A function that calls itself is called a recursive function and this technique is known as recursion.

This special programming technique can be used to solve problems by breaking them into smaller and simpler sub-problems.

## Example of Recursion

An example can help clarify the concept of recursion. Let us take the example of finding the factorial of a number.

Factorial of a positive integer number is defined as the product of all the integers from **1** to that number. For example, the factorial of **5** (denoted as `5!`

) will be:

`5! = 1*2*3*4*5 = 120`

This problem of finding factorial of **5** can be broken down into a sub-problem of multiplying the factorial of **4** with **5**.

`5! = 5*4!`

Or more generally,

`n! = n*(n-1)!`

Now we can continue this until we reach `0!`

which is **1**.

The implementation of this is provided below.
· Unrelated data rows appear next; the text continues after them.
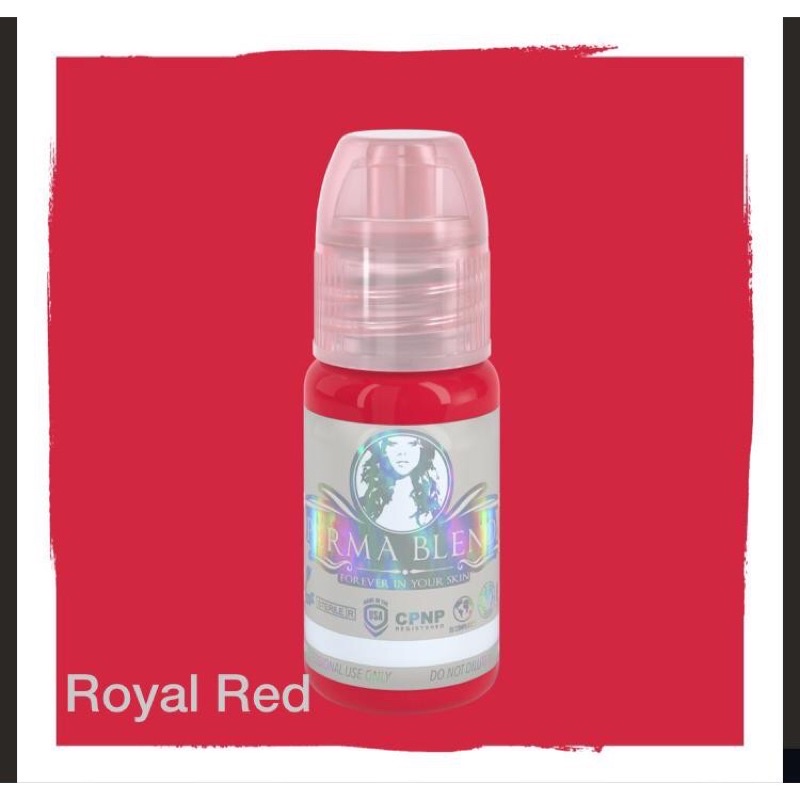 Permablend Pigments ROYAL RED Sulam Alis Perma Blend 15ml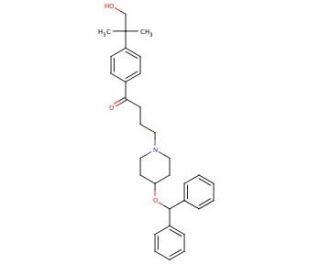 Hydroxy Ebastine (CAS 210686-41-2) - chemical structure image
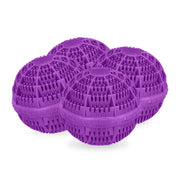 Waschball 4er-Set Lila von Relaxdays
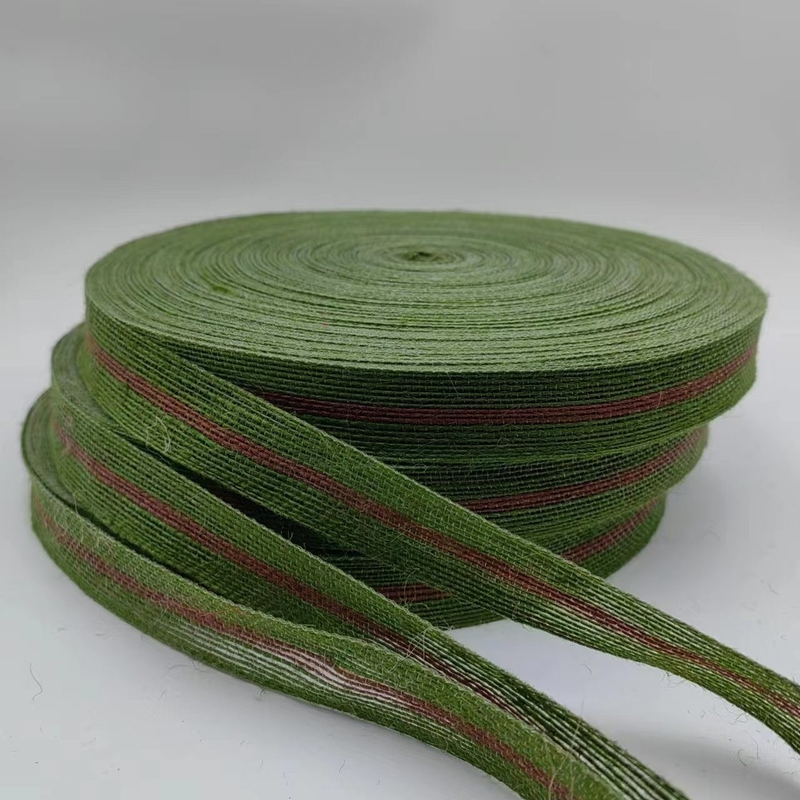 Hersteller Direkte Jute-Streifen für umweltfreundliche Fischereizeile in grüner Farbe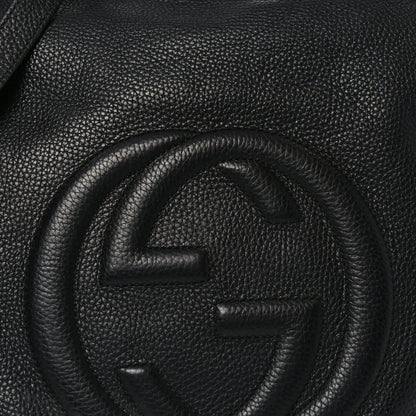 Gucci Pebbled Calfskin Large Soho Hobo Black 8 of 12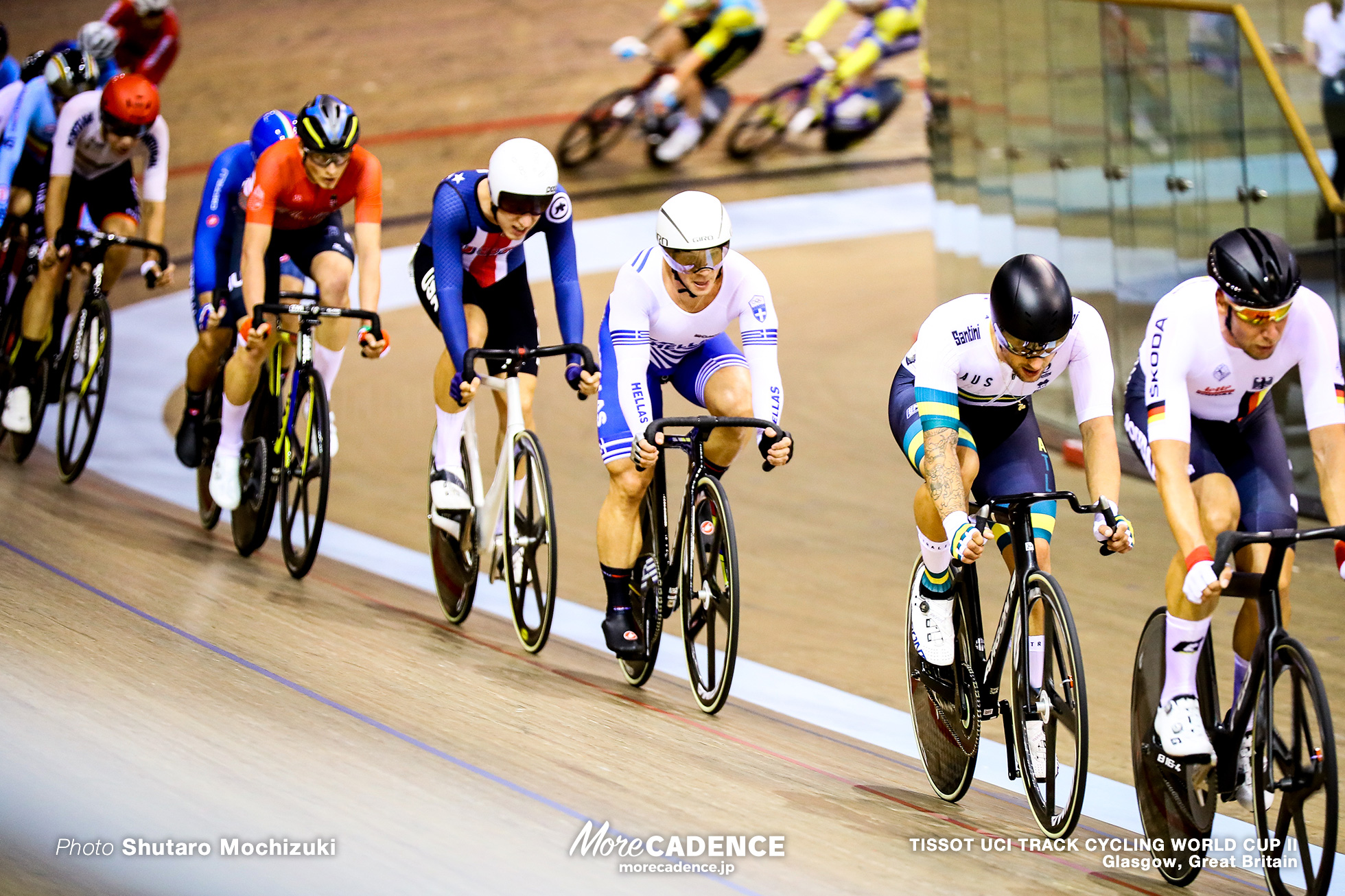 Scratch Race / Men's Omnium / TISSOT UCI TRACK CYCLING WORLD CUP II, Glasgow, Great Britain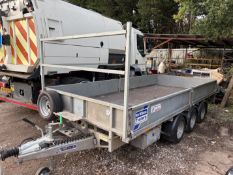 2025 IFOR WILLIAMS 14FT TRI AXLE PLANT TRAILER NO VAT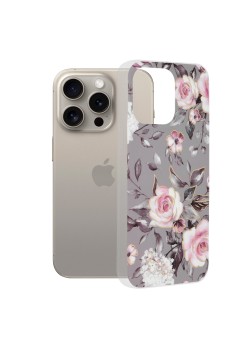 Husa pentru iPhone 15 Pro Max - Techsuit Marble Series - Bloom of Ruth Gray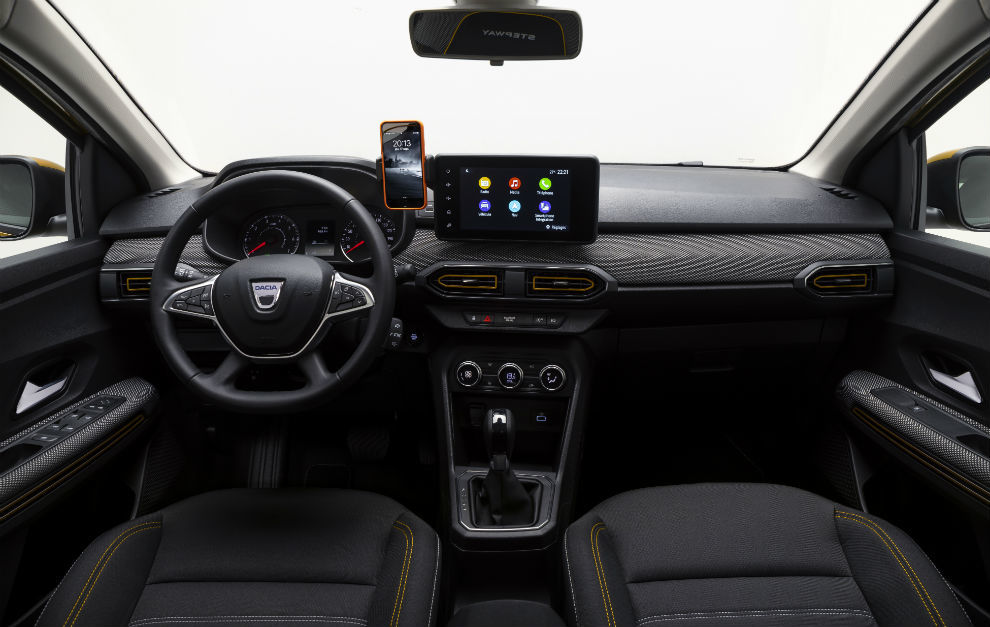 El interior del Dacia Sandero Stepway.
## Example: Recursive Function in R

```
recursive.factorial <- function(x) {
if (x == 0)
return(1)
else
return(x * recursive.factorial(x-1))
}
# factorial of 0
recursive.factorial(0)
# factorial of 5
recursive.factorial(5)
# factorial of 7
recursive.factorial(7)
```

**Output**

[1] 1 [1] 120 [1] 5040

Here, we have a function which will call itself. Something like `recursive.factorial(x)`

will turn into `x * recursive.factorial(x)`

until `x`

becomes equal to **0**.

When `x`

becomes **0**, we return **1** since the factorial of **0** is **1**. This is the terminating condition and is very important.

Without this the recursion will not end and continue indefinitely.

## Use of Recursion

The use of recursion, often, makes code shorter and looks clean.

However, it is sometimes hard to follow through the code logic. It might be hard to think of a problem in a recursive way.

Recursive functions are also memory intensive since it can result in a lot of nested function calls. This must be kept in mind when using it for solving big problems.